E não tinha. Porque eu não conhecia.
Depois dessa 'Primavera, como és bela', a menina de doze anos resolveu ser escritora, pff! Ela passaria quantas tardes fossem necessárias na biblioteca pública, conheceria tantos mundos quantos precisasse, se apaixonaria por homens e mulheres de diversos tempos e no seu tempo, que não sabia qual era, escreveria também.
Escreveria sonhando que as pessoas se apaixonassem por ela, chorassem com ela, rissem com ela, amassem com ela. Escreveria para que seus leitores, não importa se muitos ou poucos, sentissem por ela o mesmo que ela sentia pelos escritores preferidos. Escreveria com a pretensão de fazer nascer o amor pela leitura em alguém que odiasse os livros.
Acontece que eu cresci e deixei de lado muitas pretensões e alguns sonhos. Entre eles, o de ser escritora. Só não me dei conta que, não importa quanto tempo passe, fica alguma coisa da infância na nossa vida. Por isso, guardo pedacinhos de frases que podem virar um parágrafo. Reescrevo parágrafos pensando em transformá-los numa história. E reconto as histórias pro meu coração, antes de dormir.
Nada vai virar livro, saiba-se. Mas guardo assim mesmo. No futuro, quando eu estiver rodeada de netos, conto pra eles a minha história, minhas frases, minhas fotos.
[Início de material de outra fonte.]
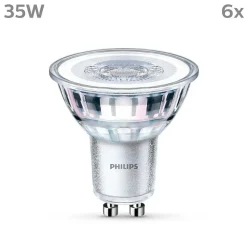Philips Classic Lot De 6 Led Gu10 3,5 Watt 4000 Kelvin 275 Lumen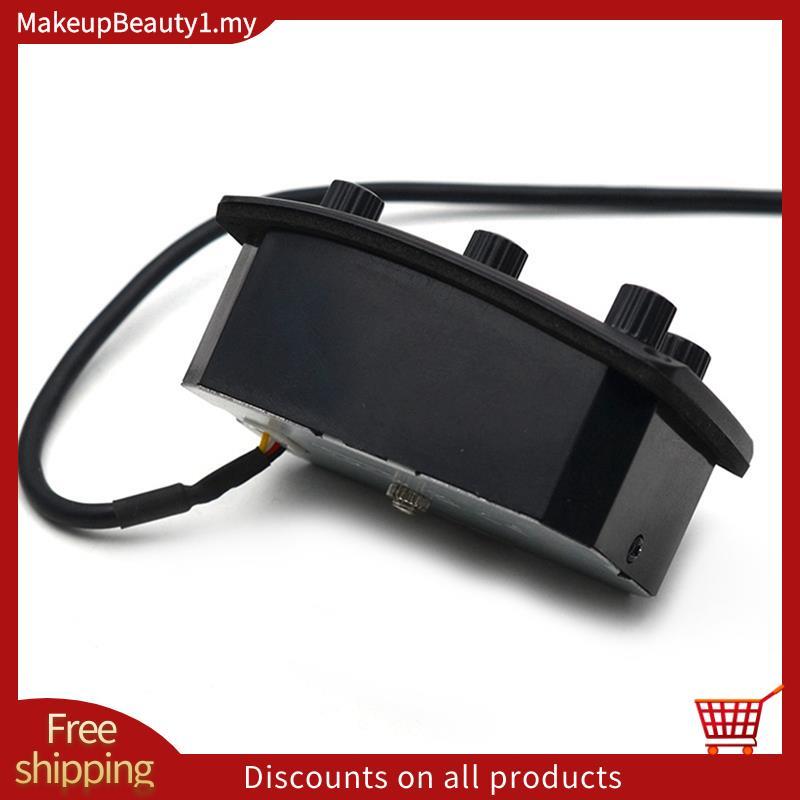 -17A กีต้าร์โปร่ง EQ Preamp, พร้อมจูนเนอร์พยากรณ์ดิจิตอล 3 Band EQ Equalizer พร้อมจูนเนอร์กีตาร์ Pic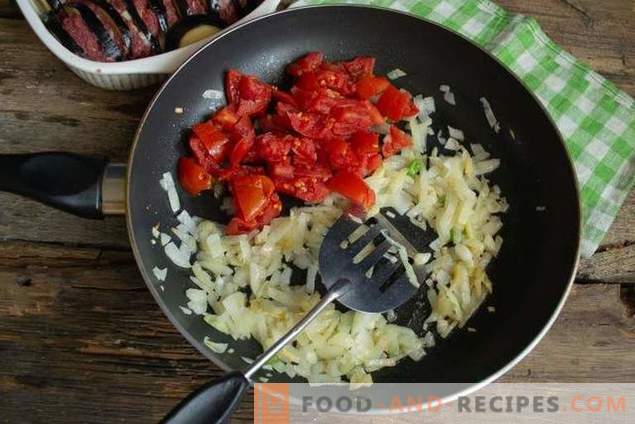 Rundvlees met aubergines in plantaardige saus - voedzaam en gezond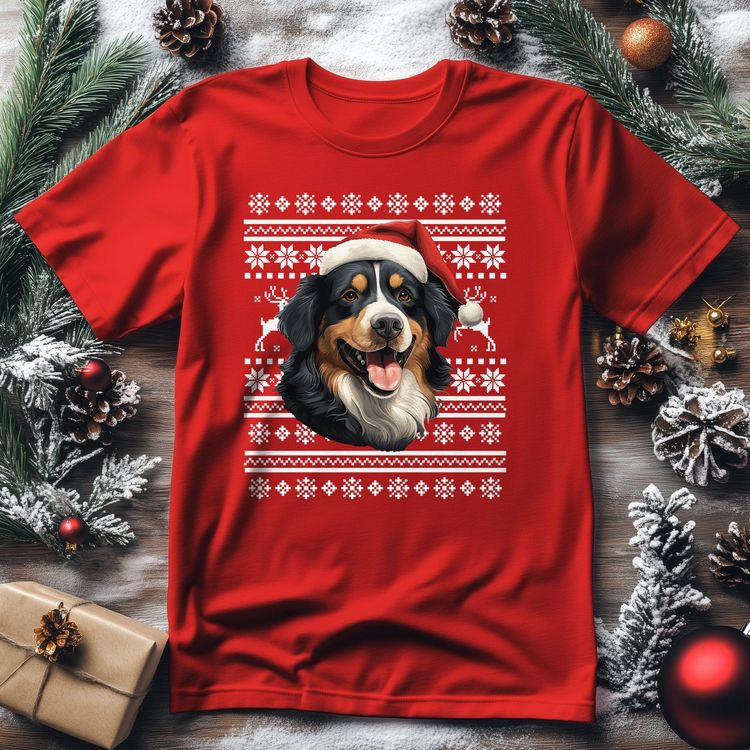 Bernese Mountain Dog Santa Hat 4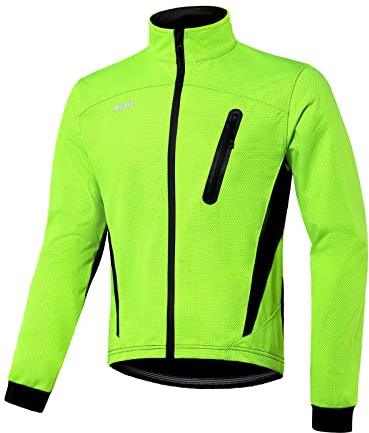 ARSUXEO Giacca da ciclismo Uomo Giacca termica invernale MTB Bike Cappotto Softshell per impermeabile e antivento 16H
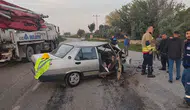 Hatay’da feci kaza! Otomobil hurdaya döndü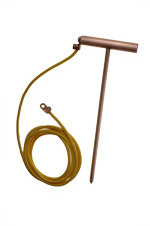 Timberline Tool TCGR accessory 30.5 mm solid copper grounding rod with 305 cm lead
Conto pra eles que o papel do chocolate era de um dia especial que rendeu outros textos. Aí eu saberei quem fui e afirmar quem sou. E direi a eles que guardem suas lembranças também. Afinal, o que somos nós, senão a memória de quem somos?
Pra ser justa: o tal da Primavera foi feito com minha amiga Dayana. A gente leu pra sala, a tia gostou e ele foi parar no muralzinho da escola.